> [Directions for this task] Without pictures, output exactly the lines running from the line containing "A lot of young" to the end of the listing below.

* * *

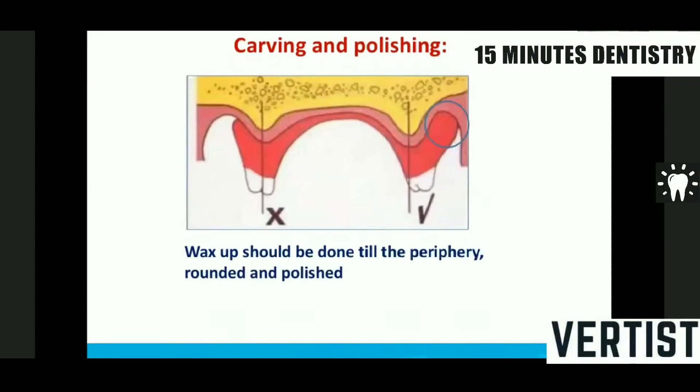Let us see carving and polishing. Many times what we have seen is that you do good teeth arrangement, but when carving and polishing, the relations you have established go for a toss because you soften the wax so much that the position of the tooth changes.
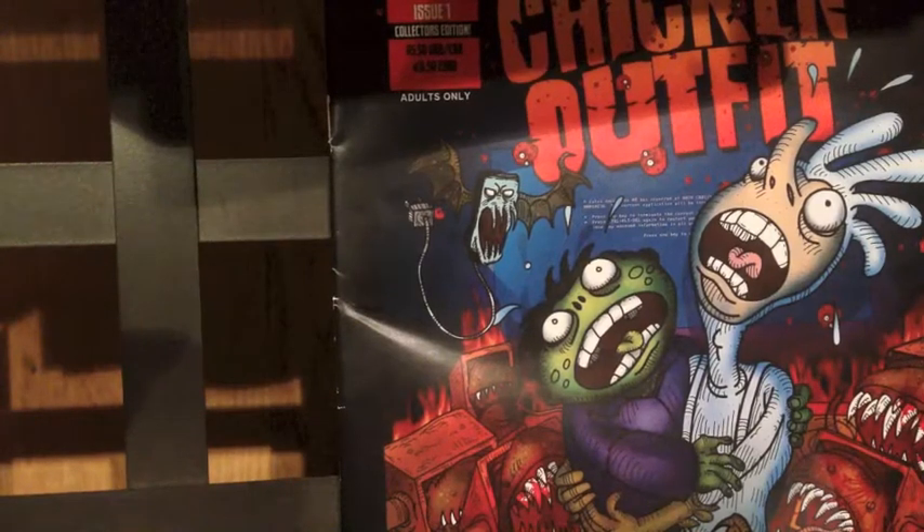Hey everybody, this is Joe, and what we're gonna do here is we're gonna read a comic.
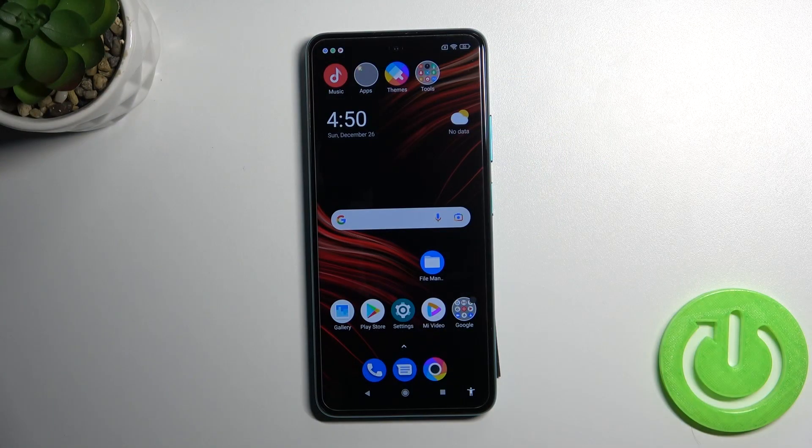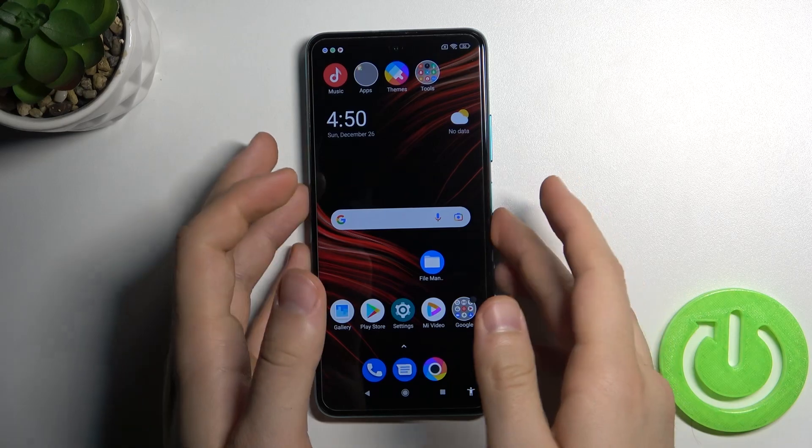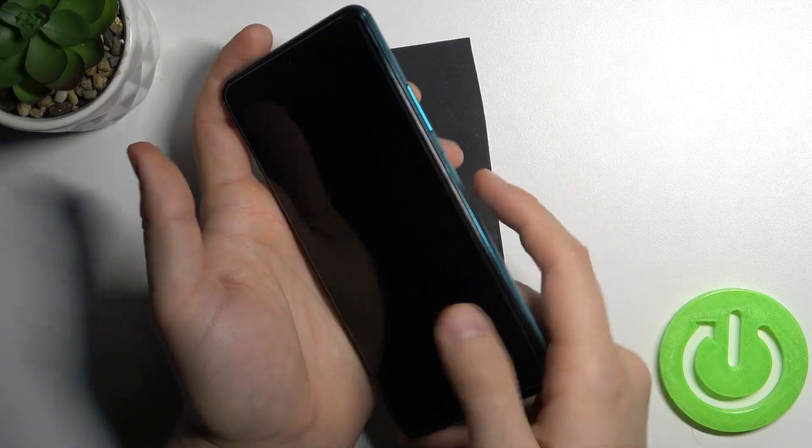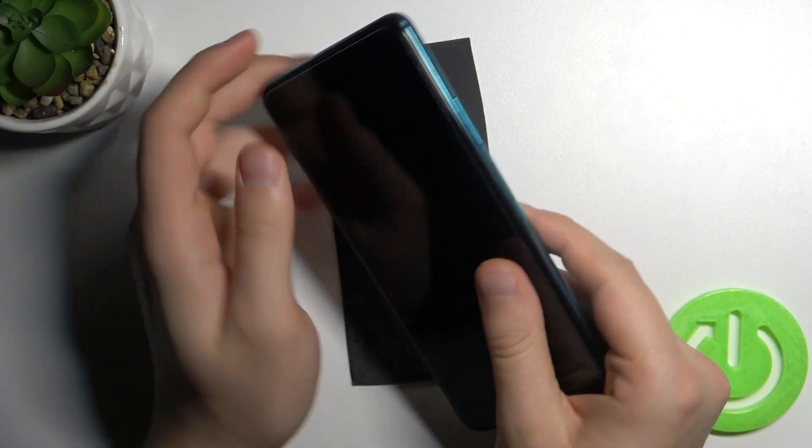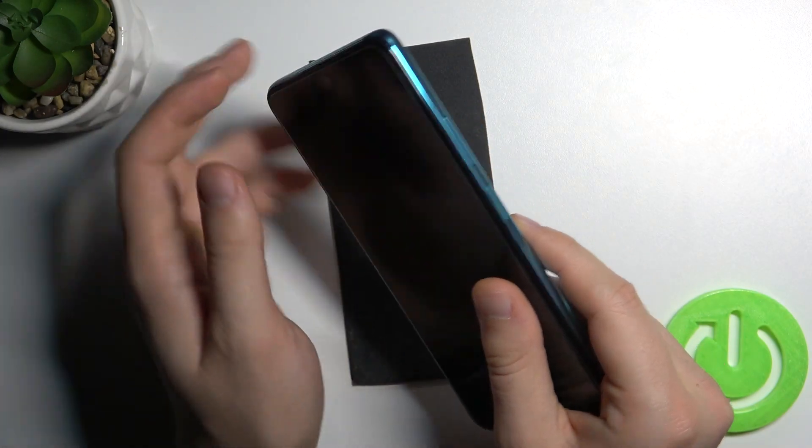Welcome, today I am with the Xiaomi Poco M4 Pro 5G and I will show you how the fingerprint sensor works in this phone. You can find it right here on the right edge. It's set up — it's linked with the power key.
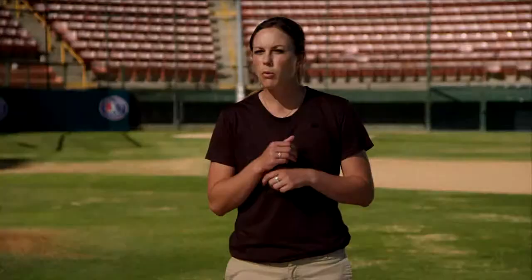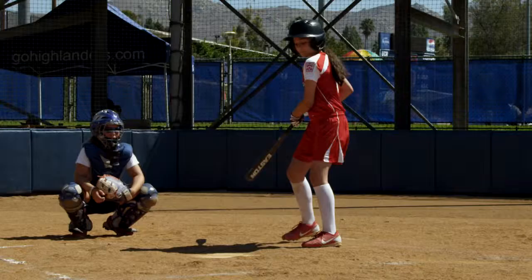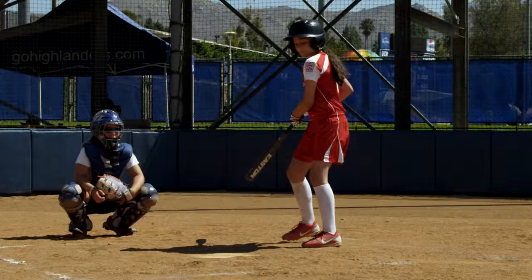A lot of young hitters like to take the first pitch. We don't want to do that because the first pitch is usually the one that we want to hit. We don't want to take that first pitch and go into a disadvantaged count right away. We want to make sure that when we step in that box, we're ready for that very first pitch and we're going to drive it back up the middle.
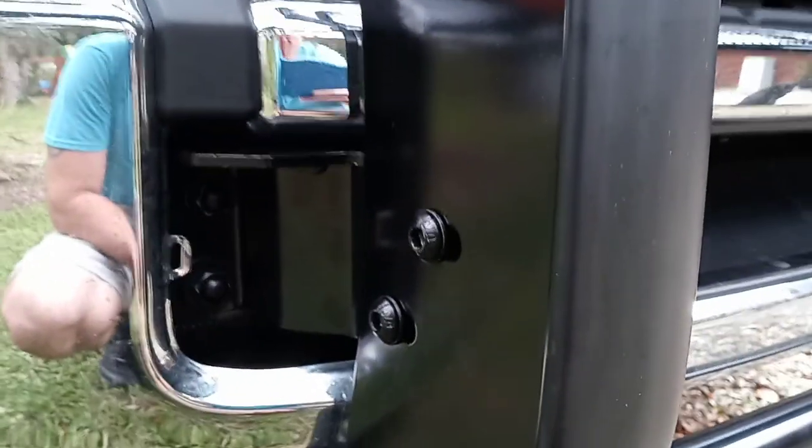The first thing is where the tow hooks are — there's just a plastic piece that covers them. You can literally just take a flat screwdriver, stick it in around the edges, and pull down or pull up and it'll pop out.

* * *

> [Result of the task]
A lot of young hitters like to take the first pitch. We don't want to do that because the first pitch is usually the one that we want to hit. We don't want to take that first pitch and go into a disadvantaged count right away. We want to make sure that when we step in that box, we're ready for that very first pitch and we're going to drive it back up the middle.
The first thing is where the tow hooks are — there's just a plastic piece that covers them. You can literally just take a flat screwdriver, stick it in around the edges, and pull down or pull up and it'll pop out.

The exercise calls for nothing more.